Question

Suppose $v$ is a vector field on a manifold $X$ with flow $\phi^t$. Suppose $v$ carries a first integral $f:X \rightarrow \mathbb{R}$ (i.e. $f$ is constant on the orbits of $v$). Suppose $\gamma:[0,T]\rightarrow X$ is a closed orbit of $v$, that is, $\gamma(x)=\phi^t(x)$ with $\phi^T(x)=x$. Suppose $f(\gamma)\equiv c$. Suppose $U \subset f^{-1}(c)$ is a compact neighborhood of $\mathrm{Im}(\gamma)$ in $f^{-1}(c)$ such that $U$ contains no other closed orbits of $v$ other than $\gamma$ (or it's translates).
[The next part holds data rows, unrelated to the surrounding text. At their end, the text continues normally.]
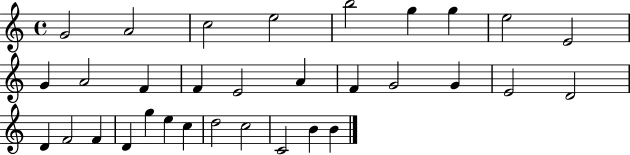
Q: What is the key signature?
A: C major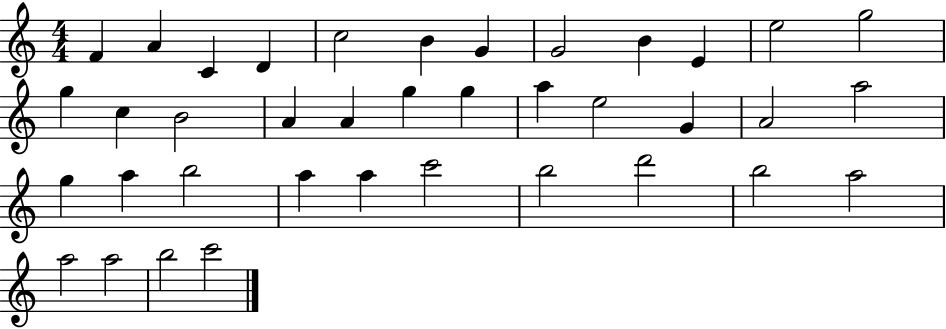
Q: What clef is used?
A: treble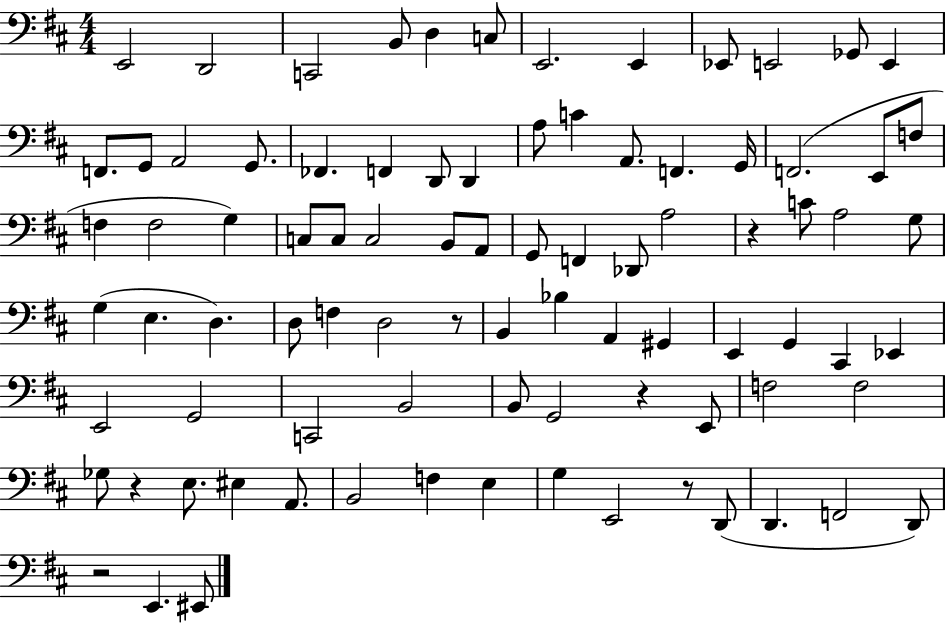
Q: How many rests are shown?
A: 6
What conditions are sufficient to impose on $v$ so that there exists some $t_* \ge 0$ such that no flow line of $v$ apart from $\gamma$ can live in $U$ for time longer than $t_*$. More precisely, if $\gamma_1$ is another flow line of $v$ such that $\mathrm{Im}(\gamma_1) \cap U \ne \emptyset$, and $[a,b] \subset \mathbb{R}$ is any interval such that $\gamma_1([a,b]) \subset U$ then $|b-a| \le t_*$.

Edit

(Thanks to Willie Wong)

Assume $X$ has dimension $\ge 3$. The question is perhaps better phrased as "are there well known conditions that always guarantee such a bound?".

Edit

(Thanks to Pietro Majer)

Sorry the question is badly phrased. I've tried to improve it. I'm most interested in the case where $v$ carries a first integral $f:X \rightarrow \mathbb{R}$ (i.e. $f$ is constant on the orbits of $v$), and we only care about orbits $\gamma_1$ such that $f(\gamma_1)=f(\gamma)$. I have thus rewritten the question. But the alternative question where the orbit $\gamma_1$ is required to have the same period as $\gamma$ is also interesting to me.

Answer 1

First a heuristic argument that either $v$ must be a very bad vector field, or $U$ cannot contain $\gamma$ strictly in its interior.

Fix a coordinate system on $U$. Suppose the vector field $v$ were Lipschitz continuous in the set $U$. Then as a consequence of the usual existence and uniqueness theorem of ODEs, you have that $|\gamma_1(t) - \gamma(t)| \leq e^{Kt}|\gamma_1(0) - \gamma(0)|$ for two integral curves, where $K$ is essentially determined by the Lipschitz constant of $v$. So if we assume that $U$ contains an $\epsilon$ neighborhood of $\gamma$, then for any $t_0$ we can pick $\gamma_1(0)$ sufficiently close to $\gamma$ such that for $t\in [0,t_0]$ $\gamma_1(t)\in U$. In particular, a bound of the type you want is impossible. This is completely independent of any statement about existence of closed orbits.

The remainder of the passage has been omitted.